# Welche rute für forelle?



## schumi90 (3. August 2004)

Hab da Mal ne Frage!
Welche Rutenlänge ist bei Forellen am besten?Ich Angle an Normalen teichen!
Ist 3m zu lang?ich weiß es nicht;+  
Hoff mal um schnelle antwort damit ich diesen Sommer nochmal Angeln kann!

THX


----------



## peterSbizarre (3. August 2004)

*AW: Welche rute für forelle?*

3m sind zu kurz!!!
die rute sollte aus verschiedenen gründen entweder 3,90 oder 4,20 lang sein.
und zwar nimmst du dann am besten eine matchrute in der länge oder gleich eine spezielle spiro-rute.
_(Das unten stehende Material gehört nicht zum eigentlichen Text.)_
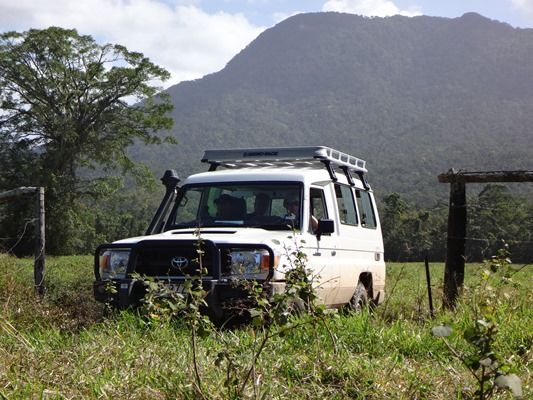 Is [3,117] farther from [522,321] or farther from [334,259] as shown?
[522,321]

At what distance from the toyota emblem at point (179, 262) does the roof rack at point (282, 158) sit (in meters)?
2.39

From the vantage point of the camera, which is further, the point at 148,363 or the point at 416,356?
the point at 416,356

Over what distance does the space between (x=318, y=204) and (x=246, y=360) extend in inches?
160

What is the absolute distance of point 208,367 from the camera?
4.49 m

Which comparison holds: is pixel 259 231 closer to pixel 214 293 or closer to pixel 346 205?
pixel 214 293

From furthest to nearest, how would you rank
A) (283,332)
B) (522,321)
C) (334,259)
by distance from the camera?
(334,259) → (522,321) → (283,332)

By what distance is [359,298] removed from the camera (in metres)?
9.09

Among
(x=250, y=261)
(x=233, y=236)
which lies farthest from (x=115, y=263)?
(x=250, y=261)

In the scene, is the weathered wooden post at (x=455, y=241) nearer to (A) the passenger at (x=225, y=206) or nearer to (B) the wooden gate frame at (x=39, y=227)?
(A) the passenger at (x=225, y=206)

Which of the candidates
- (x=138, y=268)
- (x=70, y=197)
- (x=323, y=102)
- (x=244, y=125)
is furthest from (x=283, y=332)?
(x=323, y=102)

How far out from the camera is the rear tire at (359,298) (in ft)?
29.2

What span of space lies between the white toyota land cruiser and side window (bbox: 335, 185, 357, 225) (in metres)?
0.02

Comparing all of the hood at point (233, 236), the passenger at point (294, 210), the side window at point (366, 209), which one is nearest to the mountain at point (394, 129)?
the side window at point (366, 209)

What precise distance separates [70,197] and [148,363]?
3594 centimetres
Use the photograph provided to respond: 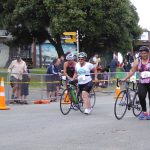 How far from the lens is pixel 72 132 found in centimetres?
1087

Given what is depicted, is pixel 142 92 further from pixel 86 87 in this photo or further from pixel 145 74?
pixel 86 87

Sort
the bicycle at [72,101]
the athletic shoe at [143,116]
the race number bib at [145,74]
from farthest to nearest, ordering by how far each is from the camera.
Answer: the bicycle at [72,101], the athletic shoe at [143,116], the race number bib at [145,74]

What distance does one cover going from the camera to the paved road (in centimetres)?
927

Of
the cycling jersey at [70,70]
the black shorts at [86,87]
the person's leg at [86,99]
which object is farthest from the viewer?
the cycling jersey at [70,70]

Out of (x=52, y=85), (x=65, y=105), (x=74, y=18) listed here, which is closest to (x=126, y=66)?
(x=74, y=18)

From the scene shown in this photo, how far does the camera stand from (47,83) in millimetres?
19906

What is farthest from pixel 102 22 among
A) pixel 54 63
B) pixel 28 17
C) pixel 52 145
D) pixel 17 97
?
pixel 52 145

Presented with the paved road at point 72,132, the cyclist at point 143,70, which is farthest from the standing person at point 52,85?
the cyclist at point 143,70

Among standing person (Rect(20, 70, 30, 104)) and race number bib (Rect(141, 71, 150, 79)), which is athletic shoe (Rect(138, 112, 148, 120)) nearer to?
race number bib (Rect(141, 71, 150, 79))

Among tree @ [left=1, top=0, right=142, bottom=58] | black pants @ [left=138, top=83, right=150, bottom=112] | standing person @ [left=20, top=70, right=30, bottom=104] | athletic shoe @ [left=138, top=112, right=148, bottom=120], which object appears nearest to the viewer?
black pants @ [left=138, top=83, right=150, bottom=112]

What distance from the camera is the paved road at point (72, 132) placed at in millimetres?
9273

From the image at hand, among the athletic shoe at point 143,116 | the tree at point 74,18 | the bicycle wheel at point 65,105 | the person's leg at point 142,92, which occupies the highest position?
the tree at point 74,18

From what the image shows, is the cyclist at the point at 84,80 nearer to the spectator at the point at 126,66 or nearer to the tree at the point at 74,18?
the spectator at the point at 126,66

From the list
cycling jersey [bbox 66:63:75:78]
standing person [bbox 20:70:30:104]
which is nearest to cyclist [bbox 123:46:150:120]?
cycling jersey [bbox 66:63:75:78] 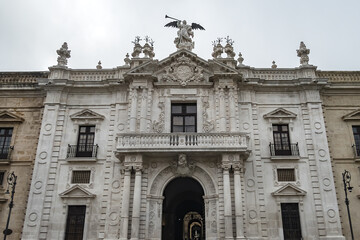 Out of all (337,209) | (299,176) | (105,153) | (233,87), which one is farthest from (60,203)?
(337,209)

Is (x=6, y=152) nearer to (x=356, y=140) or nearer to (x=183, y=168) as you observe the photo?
(x=183, y=168)

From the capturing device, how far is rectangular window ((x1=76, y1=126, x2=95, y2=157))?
20125 millimetres

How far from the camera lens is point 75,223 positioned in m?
18.6

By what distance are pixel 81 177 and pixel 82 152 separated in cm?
163

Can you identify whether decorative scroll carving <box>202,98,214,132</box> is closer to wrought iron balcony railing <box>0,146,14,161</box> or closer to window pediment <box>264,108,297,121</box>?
window pediment <box>264,108,297,121</box>

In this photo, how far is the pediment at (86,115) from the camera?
68.9 feet

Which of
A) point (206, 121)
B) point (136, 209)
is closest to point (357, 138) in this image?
point (206, 121)

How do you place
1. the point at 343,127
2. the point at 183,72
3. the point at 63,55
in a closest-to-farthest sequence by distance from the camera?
the point at 343,127 → the point at 183,72 → the point at 63,55

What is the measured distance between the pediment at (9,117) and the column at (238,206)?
1467cm

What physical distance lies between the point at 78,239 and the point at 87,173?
386 cm

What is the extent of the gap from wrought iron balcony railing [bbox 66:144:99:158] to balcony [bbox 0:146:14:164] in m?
3.87

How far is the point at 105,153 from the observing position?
2000 centimetres

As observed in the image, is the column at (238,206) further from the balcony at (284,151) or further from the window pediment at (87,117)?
A: the window pediment at (87,117)

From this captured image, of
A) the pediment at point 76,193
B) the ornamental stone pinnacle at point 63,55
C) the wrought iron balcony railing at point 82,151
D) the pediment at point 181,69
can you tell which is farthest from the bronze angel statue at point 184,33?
the pediment at point 76,193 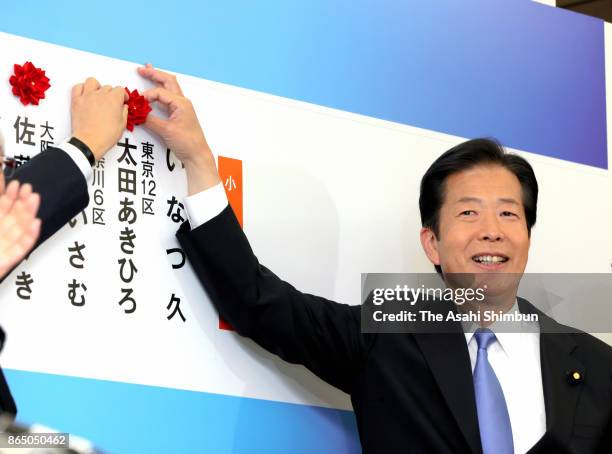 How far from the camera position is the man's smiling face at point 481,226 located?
2.59 meters

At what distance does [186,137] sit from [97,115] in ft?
0.65

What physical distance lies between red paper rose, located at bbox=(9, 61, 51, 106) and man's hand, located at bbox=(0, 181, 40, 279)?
0.68m

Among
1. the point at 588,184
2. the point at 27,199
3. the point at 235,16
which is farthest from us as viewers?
the point at 588,184

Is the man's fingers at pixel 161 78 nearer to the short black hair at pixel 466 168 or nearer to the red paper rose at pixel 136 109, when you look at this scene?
the red paper rose at pixel 136 109

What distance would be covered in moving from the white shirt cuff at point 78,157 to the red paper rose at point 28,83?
0.12 metres

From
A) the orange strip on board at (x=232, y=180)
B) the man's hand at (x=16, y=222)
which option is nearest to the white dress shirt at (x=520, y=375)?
the orange strip on board at (x=232, y=180)

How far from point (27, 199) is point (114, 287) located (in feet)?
2.39

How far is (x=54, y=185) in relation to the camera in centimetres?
215

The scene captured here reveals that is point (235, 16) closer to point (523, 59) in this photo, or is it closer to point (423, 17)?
point (423, 17)

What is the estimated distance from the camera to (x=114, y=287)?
231 cm

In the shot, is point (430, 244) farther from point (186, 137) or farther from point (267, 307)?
point (186, 137)

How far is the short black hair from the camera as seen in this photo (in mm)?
2703

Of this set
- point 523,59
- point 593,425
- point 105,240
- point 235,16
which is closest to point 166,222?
point 105,240

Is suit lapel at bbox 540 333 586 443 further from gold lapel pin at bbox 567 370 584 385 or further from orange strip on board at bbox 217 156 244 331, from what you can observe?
orange strip on board at bbox 217 156 244 331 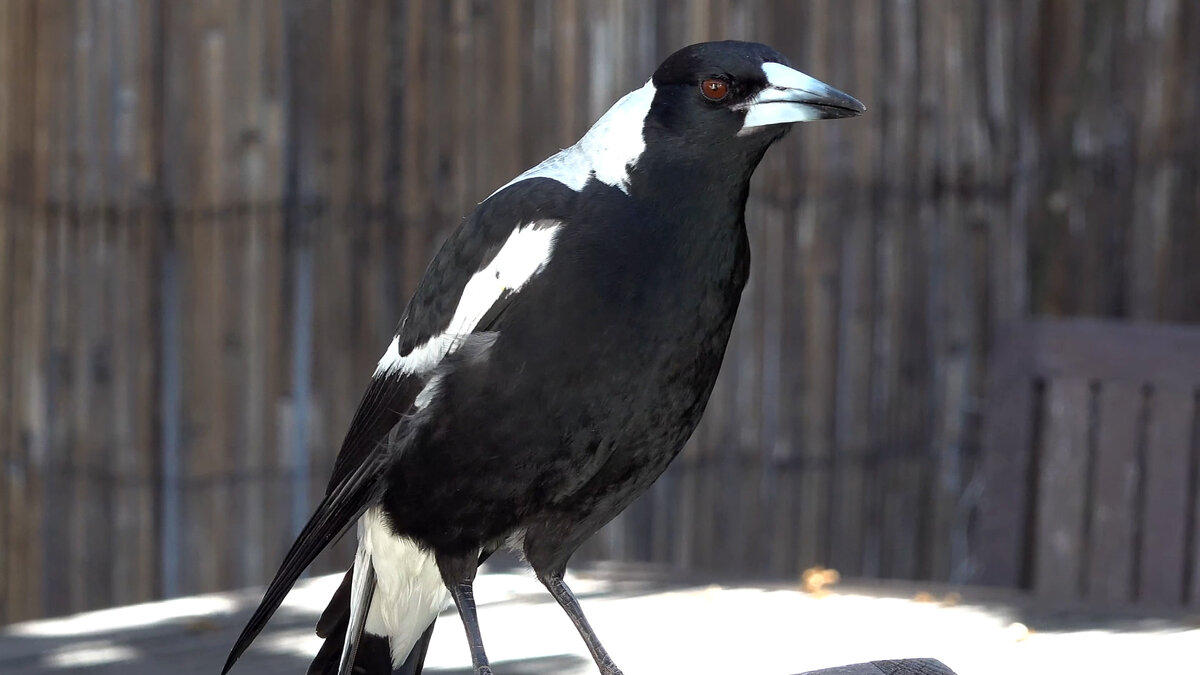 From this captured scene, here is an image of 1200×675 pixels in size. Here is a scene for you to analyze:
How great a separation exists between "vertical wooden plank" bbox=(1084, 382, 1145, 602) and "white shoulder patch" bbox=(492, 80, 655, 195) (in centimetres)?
172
wenn du aber lieber spinnfischen willst sind natürlich auch 2,40m oder an größeren seen 2,70 optimal.


----------



## schumi90 (4. August 2004)

*AW: Welche rute für forelle?*

danke für die schnelle antwort!

Ein bekannter sagte, dass er mit 2.10m angle!aber wenn man ab 3m angelt hat da doch was nich hin oder?;+ 
bis denne und petri heil:m


----------



## peterSbizarre (4. August 2004)

*AW: Welche rute für forelle?*

du kannst auch mit einer 1,80m telerute für €9,90 angeln wenn du willst! :q 
wenn der teich klein ist und du mit kunstködern, auf grund oder nahe der oberfläche angeln willst kommt das auf jeden fall hin und macht auch bock.
an einem größeren see fehlt dir dann aber die benötigte wurfweite und extrem lange vorfächer (bis 2m) können nicht benutzt werden.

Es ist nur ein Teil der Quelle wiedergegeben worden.